→ WHAT IS EXPECTED
Using the records below, reproduce exactly the lines from the one containing "Borderlands 3 Ultimate" through the end, and nothing more; skip the images.

→ TASK MATERIAL
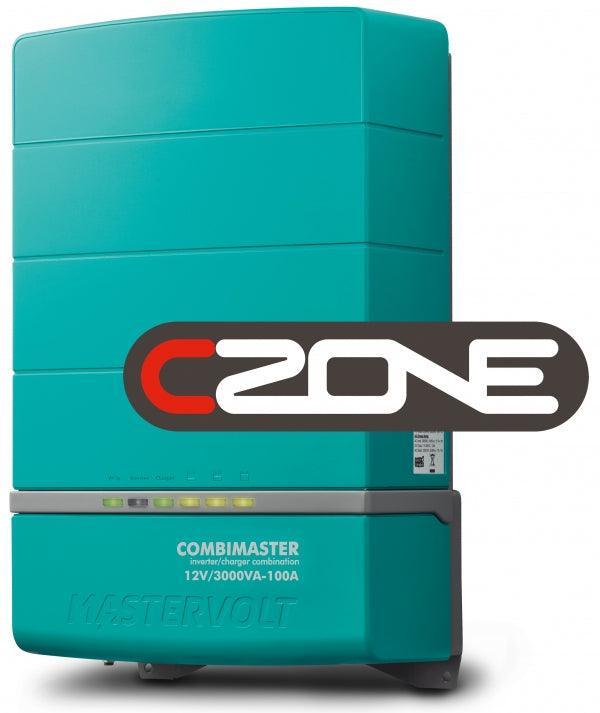 CombiMaster Inverter/Charger 12V/3000VA-100A 230V - 4Boats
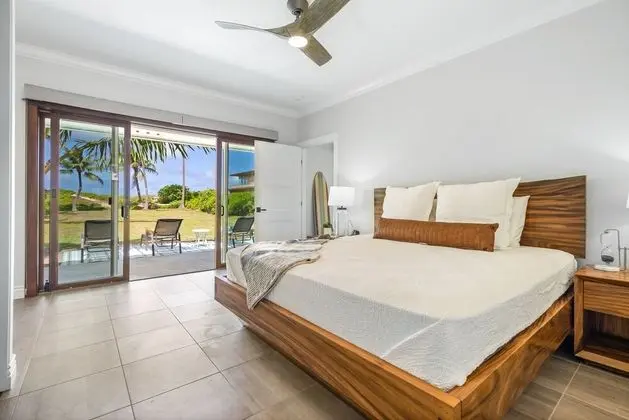 Hale Oahu Villa by Avantstay Kailua Beachfront House! Coastal Luxury! - İç Mekan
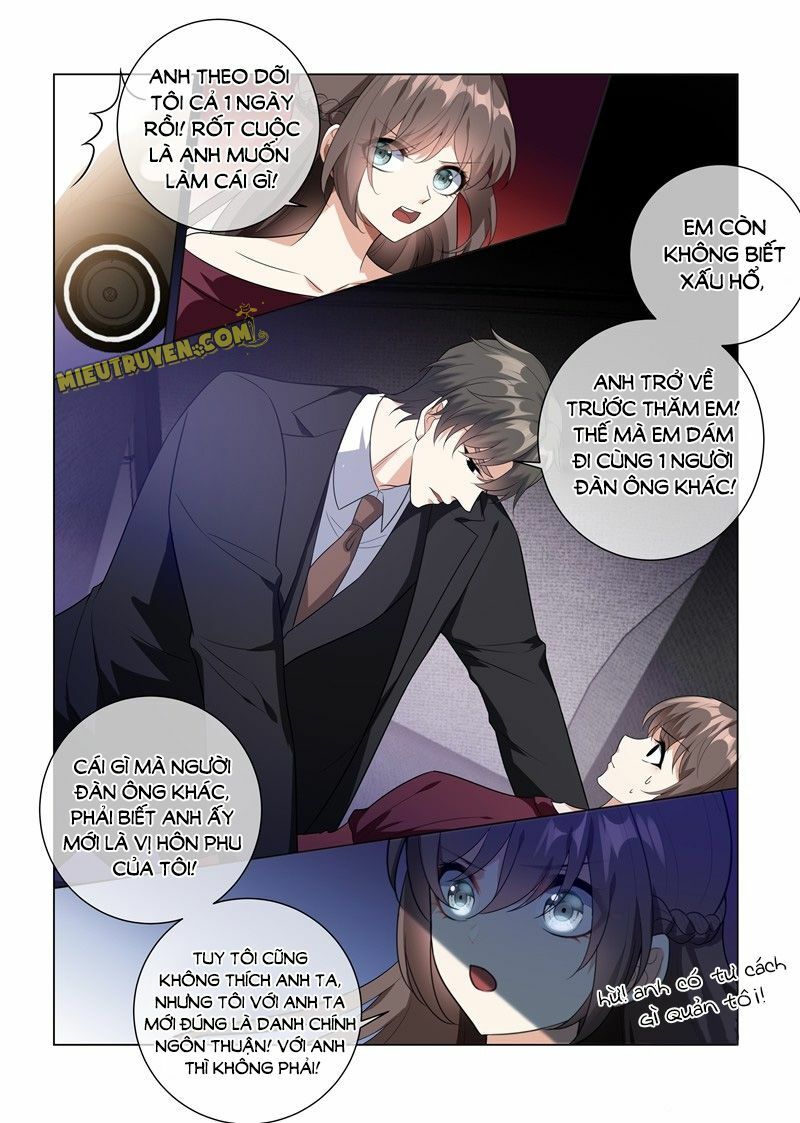 Thiếu Soái ! Vợ Ngài Lại Bỏ Trốn: Chapter 218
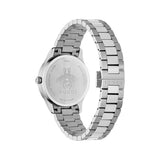  Shop Authentic Gucci G Timeless Quartz Silver Dial Silver Steel Strap Watch for Men - YA1265031 - Luxxuri
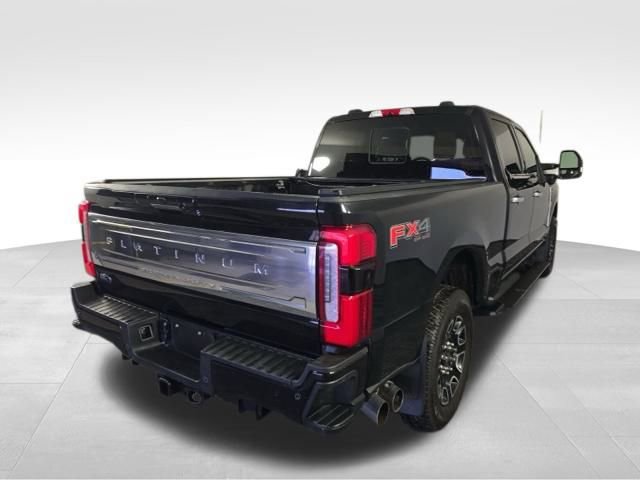 Used 2024 Ford F250 Platinum w/ FX4 Off-Road Package image 4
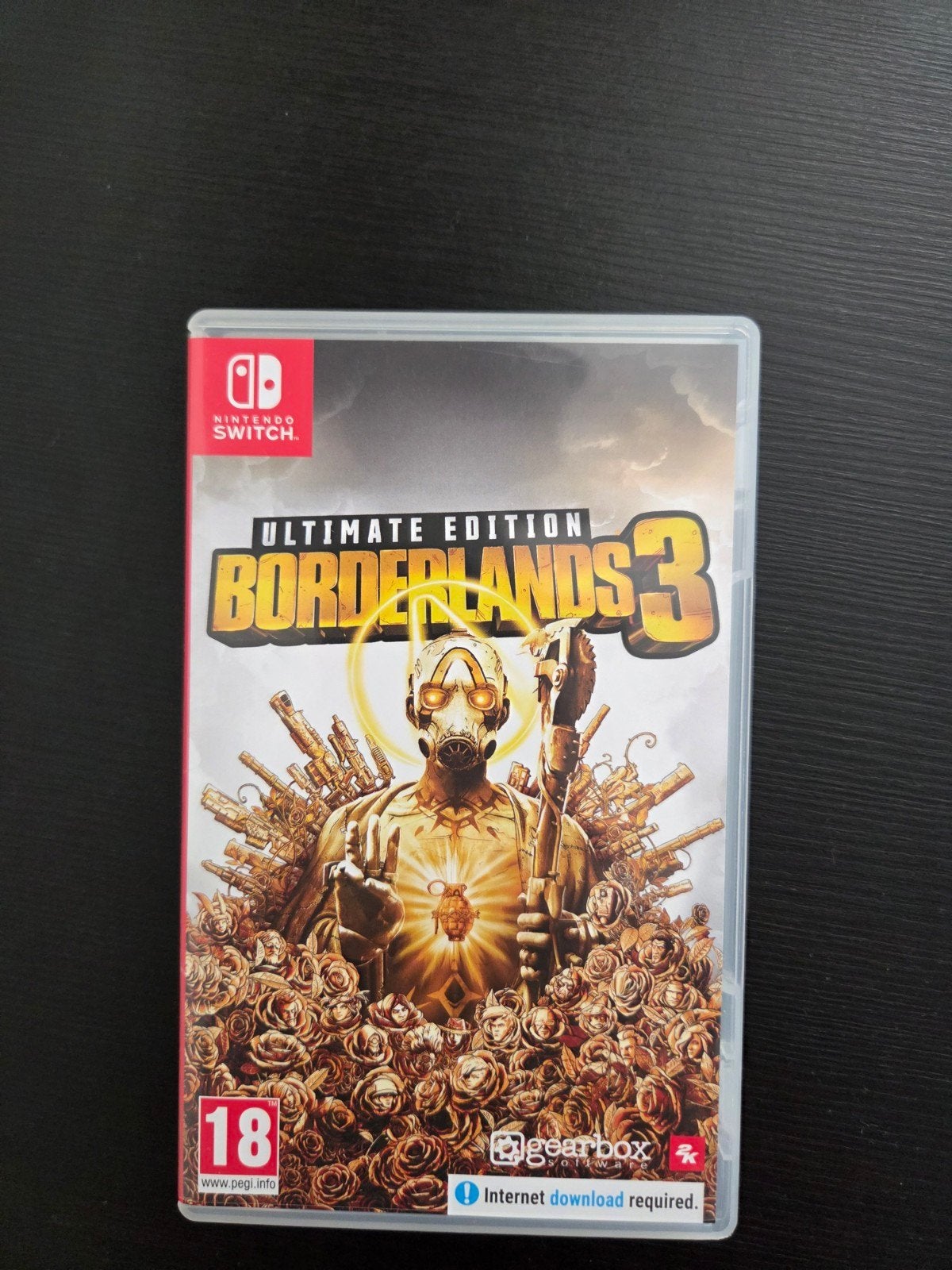 Borderlands 3 Ultimate Edition Nintendo Switch, Ophalen of Verzenden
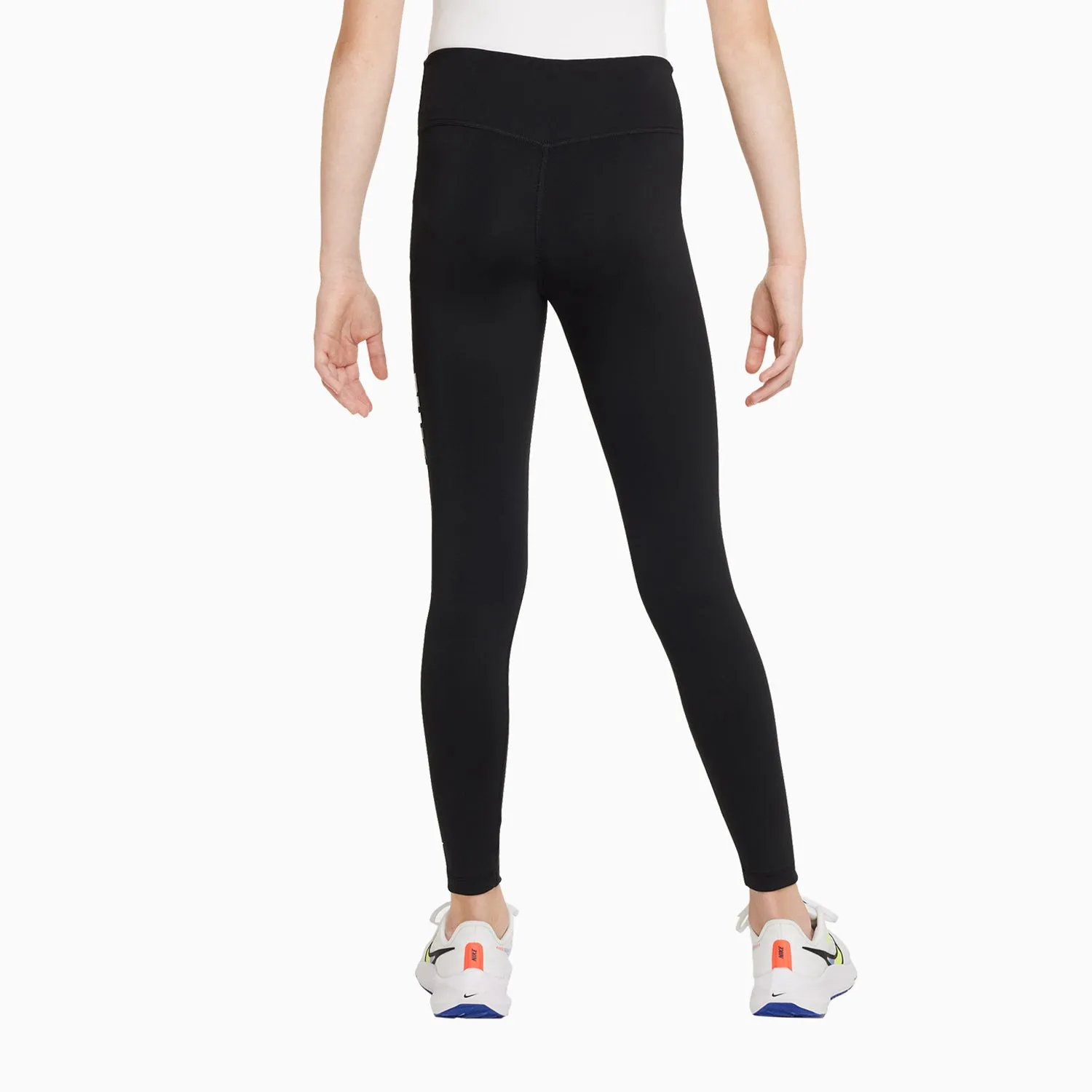 Kid's Nike Dri-Fit One 7/8 Legging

→ FINISHED TASK
 Borderlands 3 Ultimate Edition Nintendo Switch, Ophalen of Verzenden
 Kid's Nike Dri-Fit One 7/8 Legging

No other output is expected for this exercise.